Muneer Alam

Posted on Jul 4

Python Tracebacks Tell You Where. Not Why. So I Built Something That Does Both.

#python #opensource #devtools #productivity

Friday, 11:47 PM. Production goes down.

The alert says KeyError: 'user_id'. The traceback points to line 42 of a file that has not changed in three months. You SSH in, tail the logs, and find nothing. No variable values. No request context. No path forward but to add a print statement, redeploy, and wait.

Three hours later it happens again. You still do not know why.

If you have written Python long enough, this sequence is familiar. The language gives you file names, line numbers, and function names. It leaves out the one thing you actually need: what the values were at the moment of failure.

Python's traceback module plays it safe. Capturing runtime state inside a crash handler risks a double fault. If the exception hook itself raises, CPython writes an error message and the original traceback is lost. So the standard library prints the stack and leaves frame locals untouched.

We, as an ecosystem, have accepted this trade-off for decades.

I recently built a tool to fix this. It is called Safedump. You install it in two lines:

import safedump
safedump.install()

When your application crashes, it captures every local variable, the full exception chain, and thread state. It saves this as structured JSON on your machine. Later, you inspect it with safedump view. No cloud involved. No telemetry. No accounts.

It is the missing layer between Python tracebacks and cloud crash reporting.
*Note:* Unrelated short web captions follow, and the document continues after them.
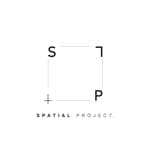 Spatial Project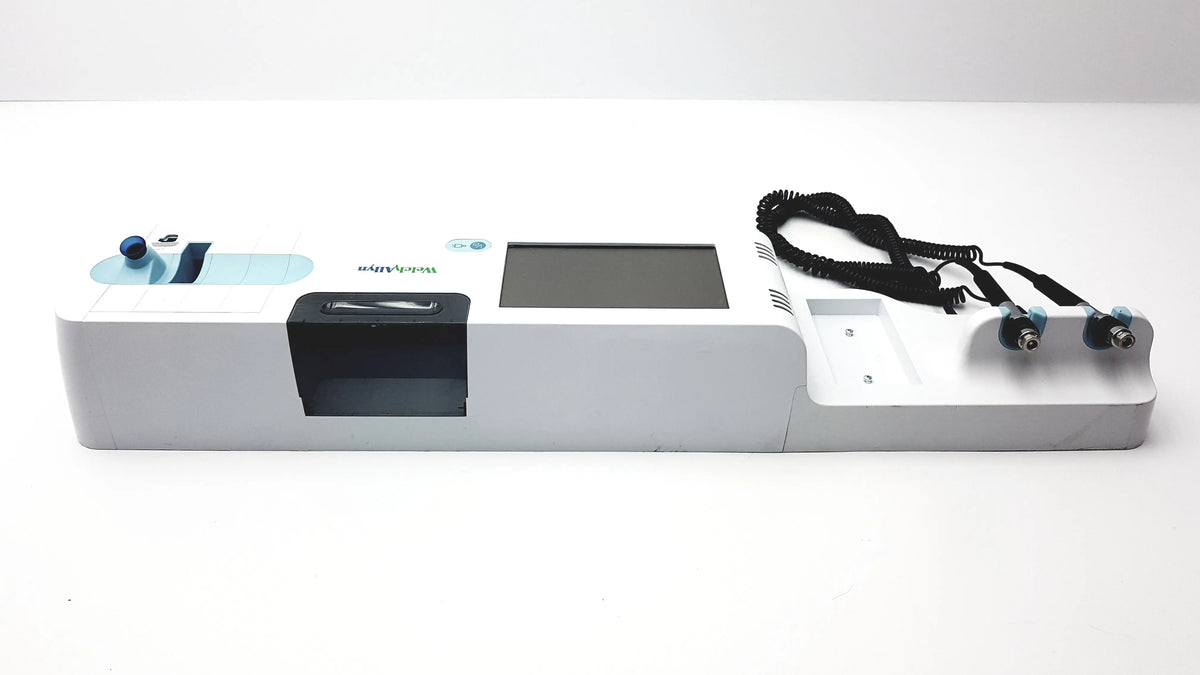 中古品　AMIMON CONNEX Industrial CONNEX Transmitter – Teradek Enterprise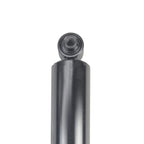 TwinTube Shock Absorber TS33-31722B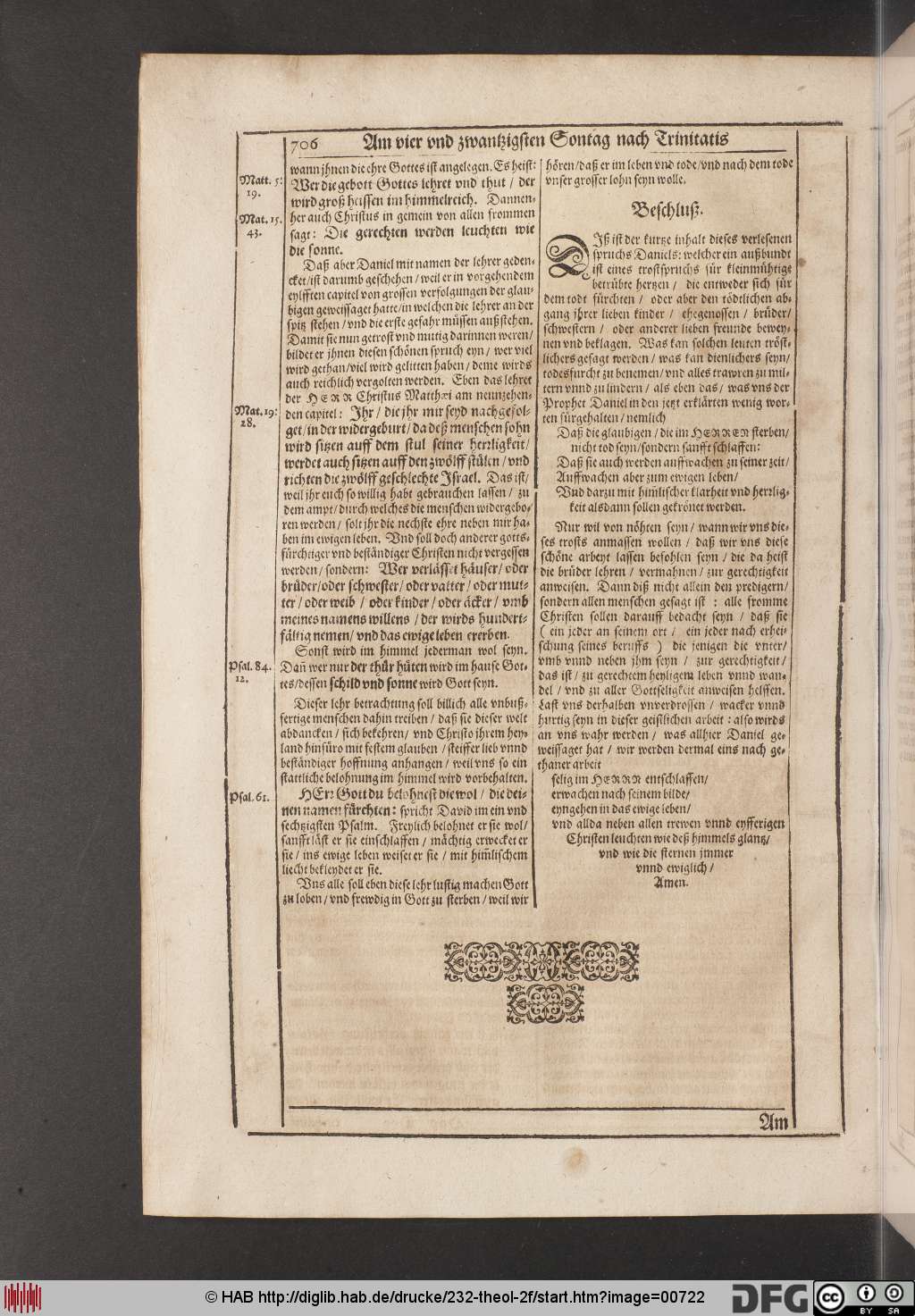 http://diglib.hab.de/drucke/232-theol-2f/00722.jpg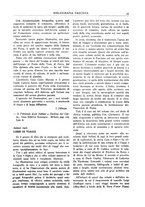 giornale/TO00178230/1928/unico/00000347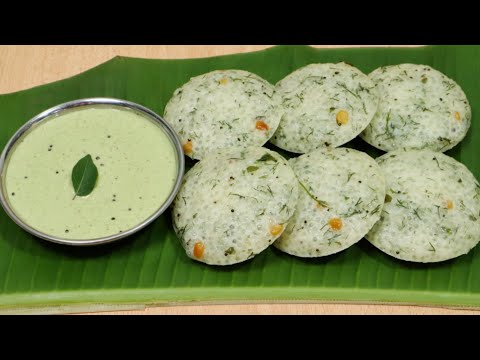 ಸಬ್ಬಕ್ಕಿ ಮಸಾಲೆ ಇಡ್ಲಿ ಹೊಸರುಚಿ ಹೊಸ ವಿಧಾನ | Sabudana Masala Idli Recipe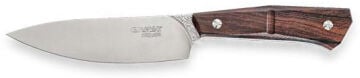Viper Sakura Carving Zircote Bıçak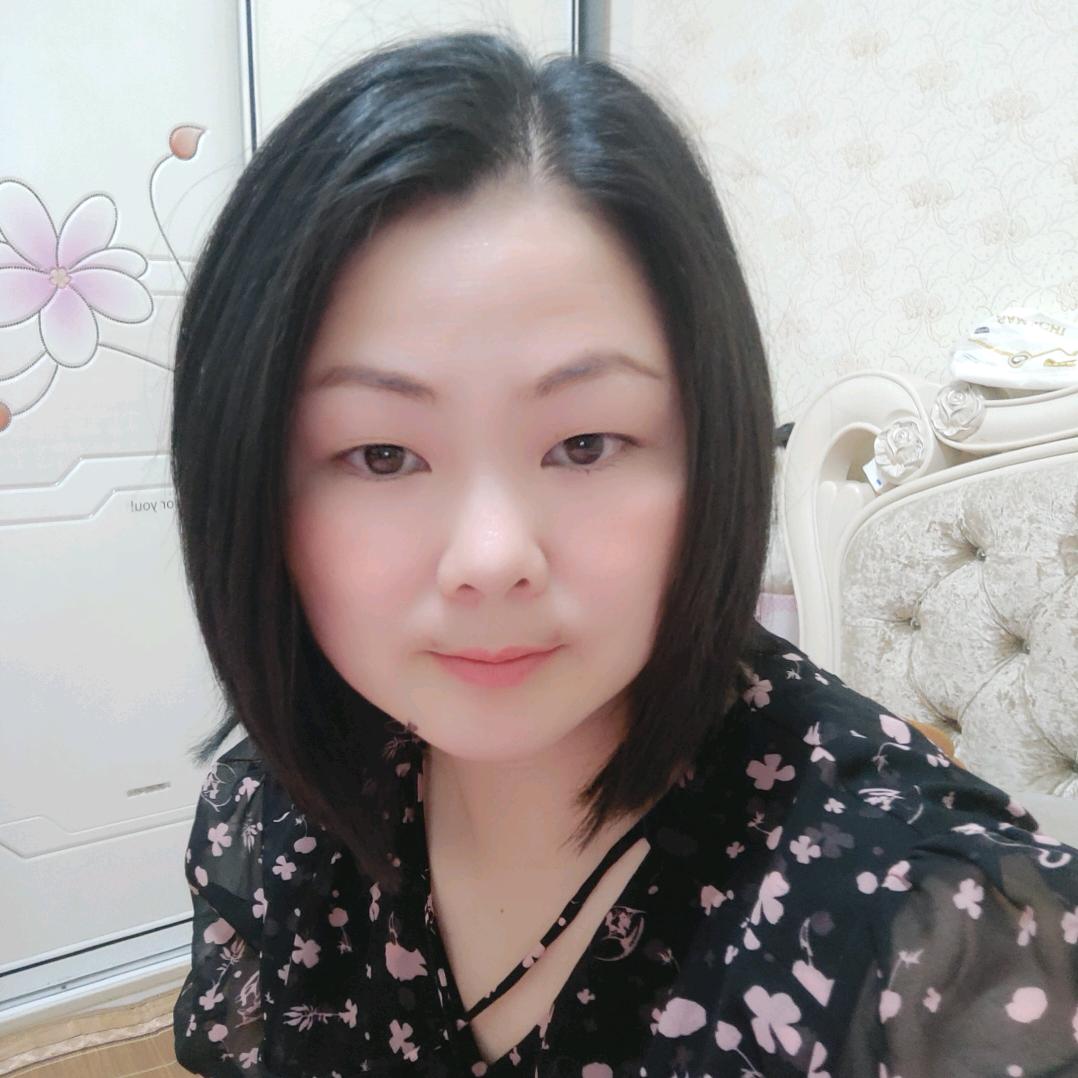 🍀🌺余生🌺都是你🍀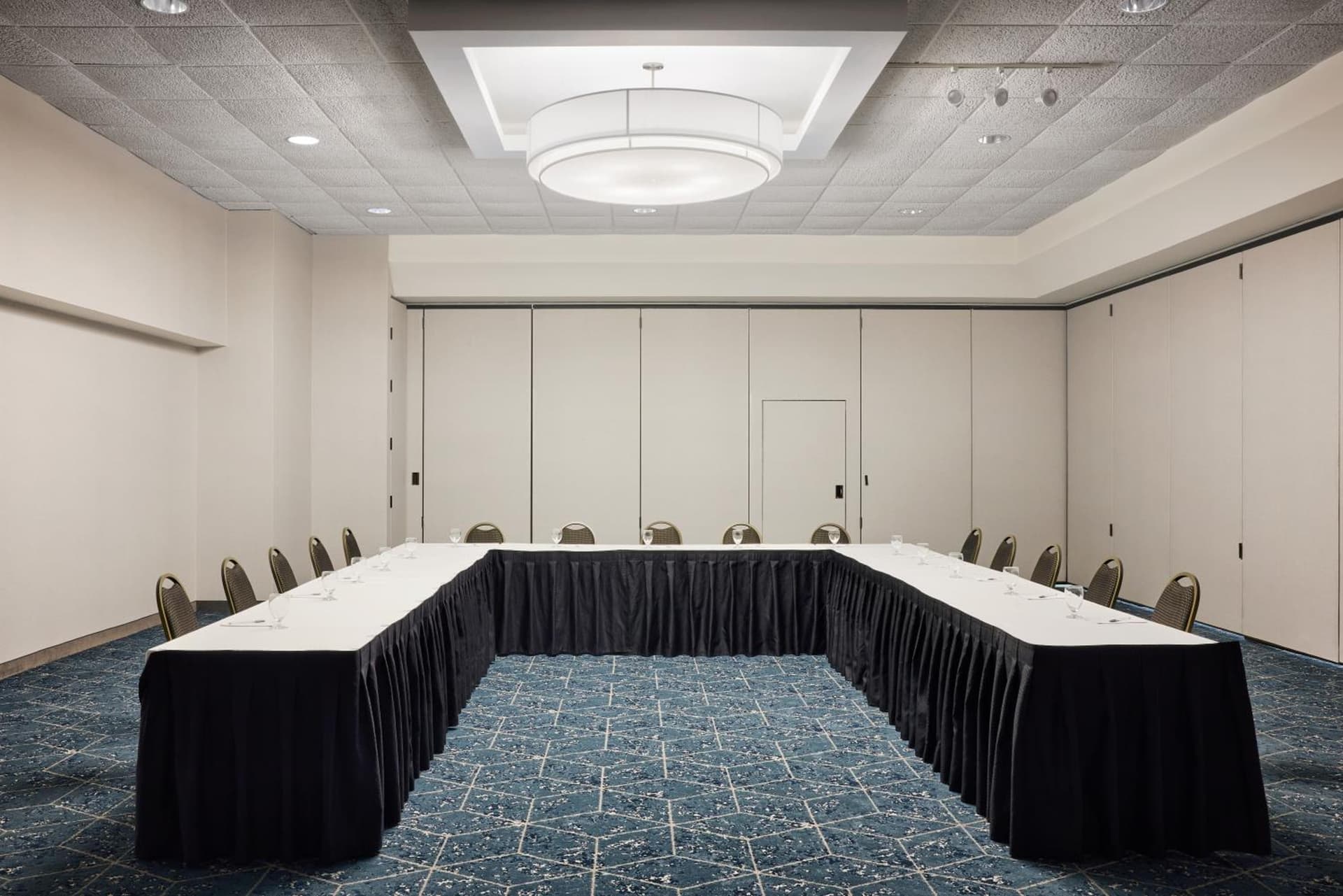Hilton Garden Inn Champaign/ Urbana gallery photo in Champaign, IL — image 6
What a Traceback Actually Tells You

Consider a real scenario. You are parsing user-submitted JSON:

import json

def process_payment(data: dict) -> dict:
    user = data["user"]
    amount = data["amount"]
    currency = data.get("currency", "USD")
    gateway = GATEWAYS[user["tier"]]  # this can fail
    return gateway.charge(user["id"], amount, currency)

The traceback when it crashes:

Traceback (most recent call last):
  File "payments.py", line 22, in <module>
    process_payment(payload)
  File "payments.py", line 8, in process_payment
    gateway = GATEWAYS[user["tier"]]
KeyError: 'premium_plus'

This tells you a KeyError happened on line 8. The missing key was premium_plus.

What it does not tell you:

What was user["tier"]? None? An empty string? A misspelled value?
What was the full data payload? Was user even present?
Which request triggered this? A specific customer or a random API scan?
What did GATEWAYS look like? Was premium_plus supposed to be there?

Each question requires a different technique. Add a log statement. Reproduce the input. Check CloudWatch. SSH into the box. By the time you have done all four, the incident timer has hit forty minutes.

What Existing Tools Do Well

The Python ecosystem has several tools that improve on the bare traceback. They deserve credit.

rich.traceback makes tracebacks dramatically more readable with syntax highlighting and better formatting. If you are developing locally, it is a genuine quality-of-life improvement. But it is still terminal-only. It prints to stderr and disappears when the session ends.

stackprinter goes further by showing source code context and local variable values. You can call stackprinter.format() and get a string you can log. The output is plain text, readable anywhere but without structure. You cannot ask it what the value of user was in frame 2.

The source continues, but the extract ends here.